A peine avait-il fini sa phrase que Berg s’écroulait sur le sol, mortellement touché par l’estocade des deux soldats. Un nuage de poussière explosa soudain. Sin fo venait d’user de son pouvoir pour ouvrir en deux le mur de sa cellule. Des larmes continuaient de perler à ses yeux, mais la flamme de son regard rappela à Reg’liss le cauchemar qu’il avait fait dans la forêt. Sin fo sortit vivement dans la cour et se jeta sur un des soldats désorientés. Elle parvint à le désarmer, mais le soldat entreprit de se défendre à mains nues. Reg’liss ramassa une pierre sur le tas de gravats et lui assena un coup sur le crâne. Sin fo se saisit de l’épée qui gisait au sol avant de s’adresser à son ami.

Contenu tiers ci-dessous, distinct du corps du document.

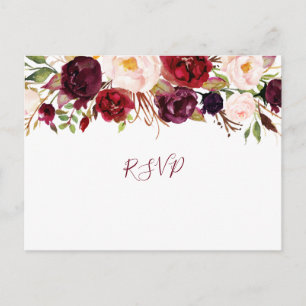 Invitation Carte Postale Marsala Greenery Floral mariage rsvp buffet 4163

- On s’occupe des autres et on s’en va !

Voyant le deuxième soldat courir vers eux, Sin fo fit surgir une colonne de pierre qui le frappa à l’estomac. Le soldat s’effondra sous le choc. Reg’liss en profita pour s’armer, puis il alla prêter main forte à Sin fo, qui était déjà aux prises avec l’homme trapu. Ayant l’avantage du nombre, nos deux héros parvinrent à le coincer contre le mur du fond. Ils étaient maintenant à côté de la dépouille de Berg. L’homme lâcha son arme et tomba à genoux. Il supplia ses adversaires de l’épargner. Sin fo explosa de colère.

- Vous avez fait tuer un innocent ! Vous ne méritez pas ma pitié !

Elle leva sa lame, s’apprêtant à porter le coup fatal, mais Reg’liss lui saisit le bras.

- Arrête ! Si tu fais ça, tu es comme lui ! Tu n’es pas une meurtrière !

Sin fo baissa son arme et éclata en sanglots. Le soldat ricana.

- La gamine fait du sentiment, on dirait.

En entendant ces mots, Reg'liss lui enfonça son épée dans l’épaule jusqu’à la garde.

- Je ne laisserais pas Sin fo souiller son âme pour une ordure de ton espèce, mais personnellement, je n’aurais pas autant de scrupules.

- Reg'liss, on s’en va maintenant, avant que des renforts n’arrivent.

Elle ouvrit un trou béant dans le mur extérieur, et ils s’enfuirent en courant dans les rues pleines de badauds.